Bruach na Frithe, Sgurr na Banachdich and Sgurr nan Eag. Sgurr Alasdair could probably also be added to this list.

A bit more scary, more scrambly, but not too complicated to navigate are Am Basteir, Sgurr nan Gillean (‘Tourist Route’/SE Ridge) and the An Dorus twins, Sgurrs a’ Mhadaidh and Ghreadaidh. Sgurr Dubh Mor could fall into this category but I thought the scrambling was quite awkward myself and it would be navigationally difficult in mist. On a good day, if you have some confidence and scrambling ability, you’ll probably manage all these fine without a guide.

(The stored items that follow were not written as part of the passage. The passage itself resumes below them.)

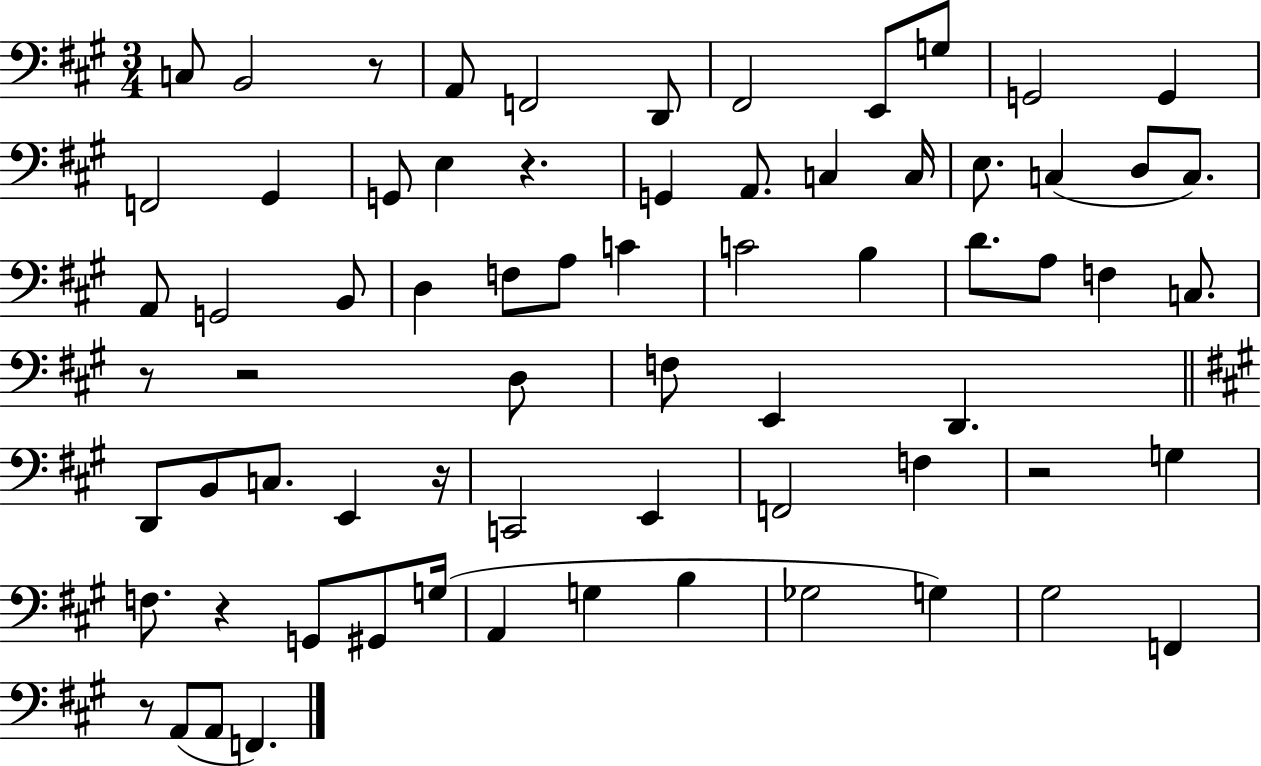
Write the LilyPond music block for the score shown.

{
  \clef bass
  \numericTimeSignature
  \time 3/4
  \key a \major
  c8 b,2 r8 | a,8 f,2 d,8 | fis,2 e,8 g8 | g,2 g,4 | \break f,2 gis,4 | g,8 e4 r4. | g,4 a,8. c4 c16 | e8. c4( d8 c8.) | \break a,8 g,2 b,8 | d4 f8 a8 c'4 | c'2 b4 | d'8. a8 f4 c8. | \break r8 r2 d8 | f8 e,4 d,4. | \bar "||" \break \key a \major d,8 b,8 c8. e,4 r16 | c,2 e,4 | f,2 f4 | r2 g4 | \break f8. r4 g,8 gis,8 g16( | a,4 g4 b4 | ges2 g4) | gis2 f,4 | \break r8 a,8( a,8 f,4.) | \bar "|."
}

You have to have either a guide or a competent lead climber to do the In Pinn – it’s a rock climb!

As for Sgurr Mhic Choinnich, finding the foot of the dreaded An Stac screes is simple enough but I would personally recommend a guide after that. In a mist, I would think route-finding along the ridge would be fairly difficult and you definitely don’t want to get it wrong, although the huge drops either side of you are a good guide!

Peak by peak, from north to south, this is my summing up from a coward’s point of view:

Sgurr nan Gillean via the ‘Tourist Route’ or SE Ridge – an easy walk up to the ridgeline. Mostly okay until you reach a very exposed and awkward sloping slab. After the tricky slab you eventually reach the narrow summit ridge which has a small gap to jump (a bit nerve-wracking) and some exposed blocky sections. The exposure is quite short-lived however…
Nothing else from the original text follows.